* **Assigned task**
Pictures in the entries below are excluded; copy only the lines from the one containing "Then I will" to the one containing "In this video, we'll", both included.
*** Opening Data for processing ***
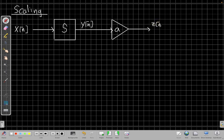So I call this z(n). What the scaling property says is if I do these two things in the other order, if I scale by a first and then run it through the system, I should get the same answer. Let's draw another branch showing that.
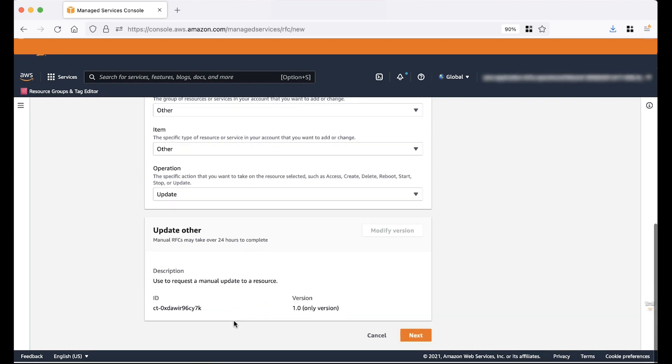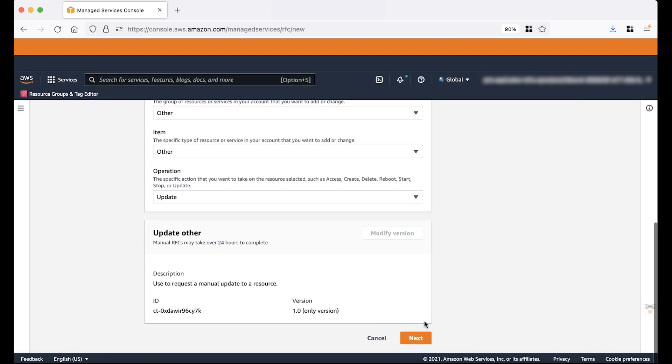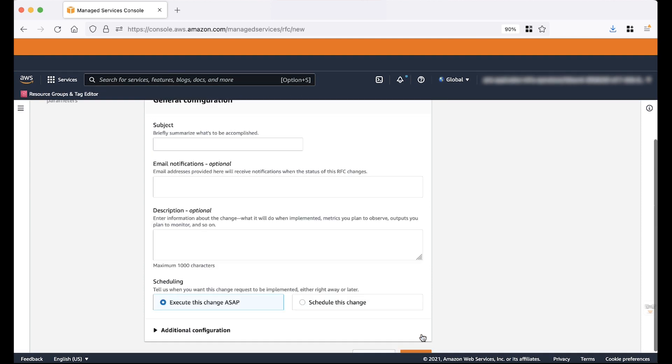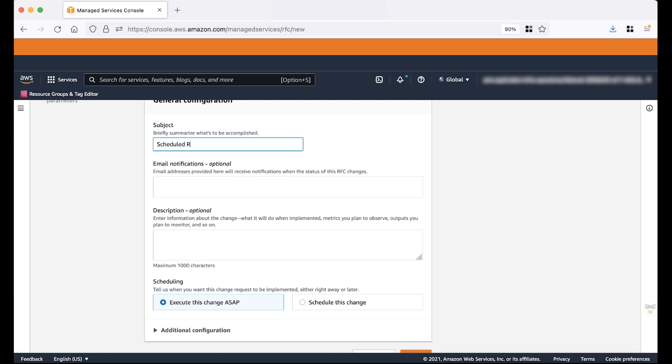Then I will choose Next. Now on this page, you must configure request by providing the general configuration. We will enter the RFC subject. We can use this later to filter the RFCs if needed by using the RFC subject.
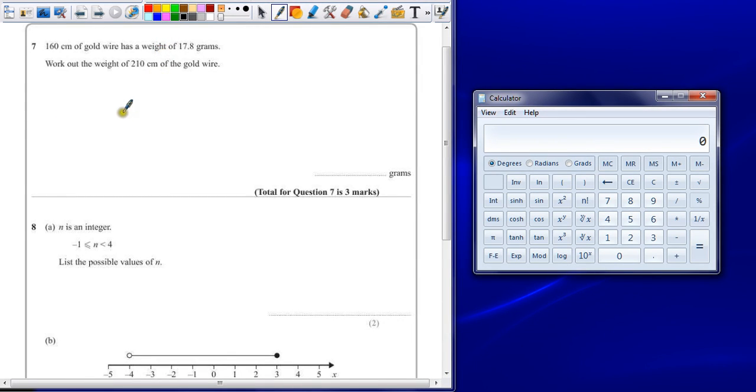Question 7: 160 centimeters of gold wire has a weight of 17.8 grams. Work out the weight of 210 centimeters of gold wire.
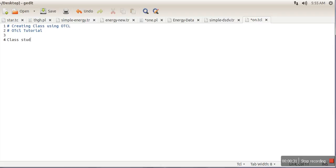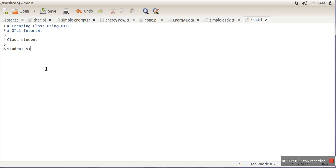Let's say we are going to create a class named 'student'. This command 'Class' will create a class named student. Now if you want to create an object of this class, you write 'student s1'. This is the simple command to create a class and to create an object — use class name and object name.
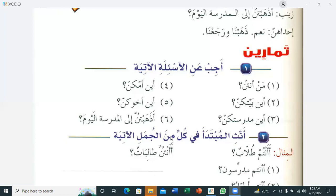Students answer: 'Baytuna bayna al-masjidi' — our house is near the mosque; 'Bijiwari al-masjid'; 'Baytuna amam al-madrasa' — our house is in front of the school; 'Baytuna khalf al-masjid' — our house is behind the masjid; 'Baytuna fi Riyadh' — our house is in Riyadh; 'Baytuna fi Pakistan'.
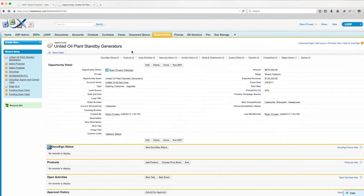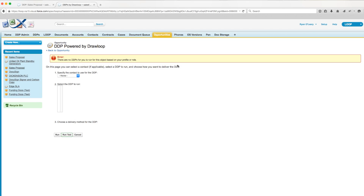In this video, we'll go over managing your DDP security settings. We have a user trying to create a sales proposal DDP from an opportunity, but when he clicks the Run DDP button, an error message appears stating there are no DDPs for you to run on this object based on your profile or role. This is because the user's profile currently doesn't have permission to run DDPs from this opportunity.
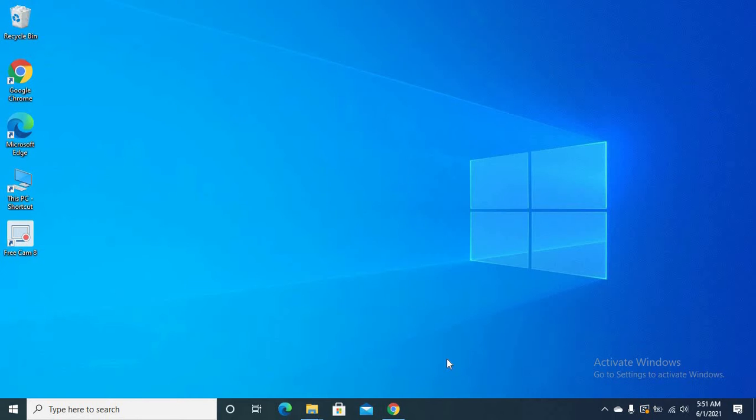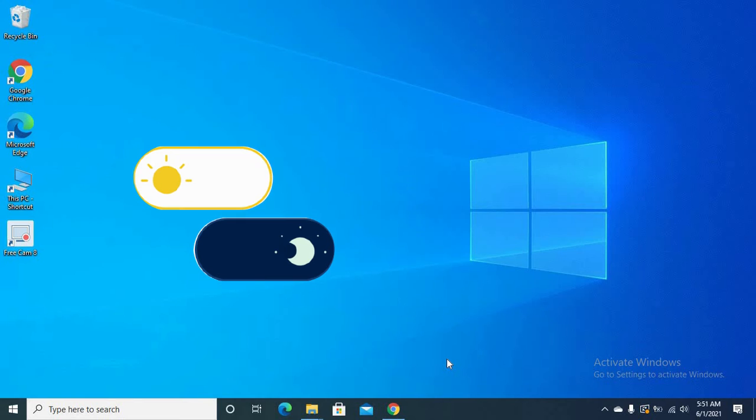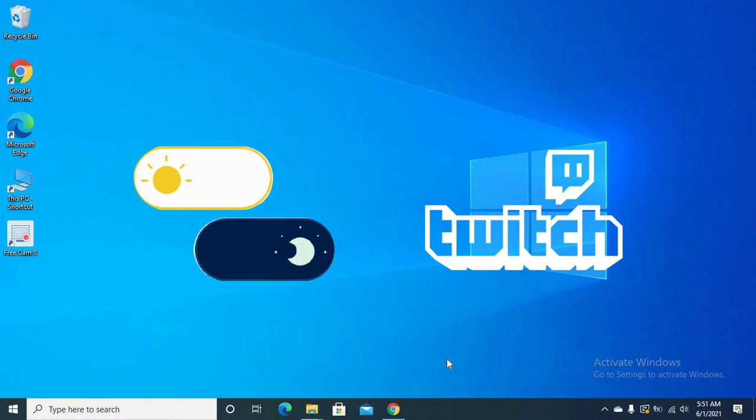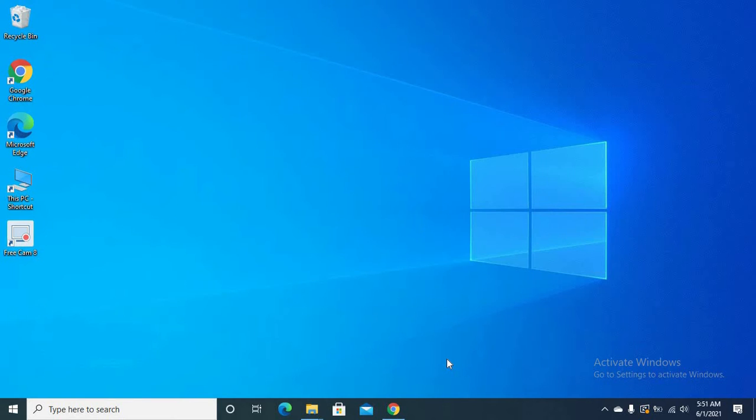Hello friends, welcome to my channel. Today's video is very interesting because I'm going to show you how to enable Twitch dark mode in desktop. But before starting the video, please subscribe to my channel and also hit the bell icon for latest videos. Now let's start the video.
*** Closing Data for processing ***
* **Task output**
Then I will choose Next. Now on this page, you must configure request by providing the general configuration. We will enter the RFC subject. We can use this later to filter the RFCs if needed by using the RFC subject.
Question 7: 160 centimeters of gold wire has a weight of 17.8 grams. Work out the weight of 210 centimeters of gold wire.
Let's say we are going to create a class named 'student'. This command 'Class' will create a class named student. Now if you want to create an object of this class, you write 'student s1'. This is the simple command to create a class and to create an object — use class name and object name.
Students answer: 'Baytuna bayna al-masjidi' — our house is near the mosque; 'Bijiwari al-masjid'; 'Baytuna amam al-madrasa' — our house is in front of the school; 'Baytuna khalf al-masjid' — our house is behind the masjid; 'Baytuna fi Riyadh' — our house is in Riyadh; 'Baytuna fi Pakistan'.
In this video, we'll go over managing your DDP security settings. We have a user trying to create a sales proposal DDP from an opportunity, but when he clicks the Run DDP button, an error message appears stating there are no DDPs for you to run on this object based on your profile or role. This is because the user's profile currently doesn't have permission to run DDPs from this opportunity.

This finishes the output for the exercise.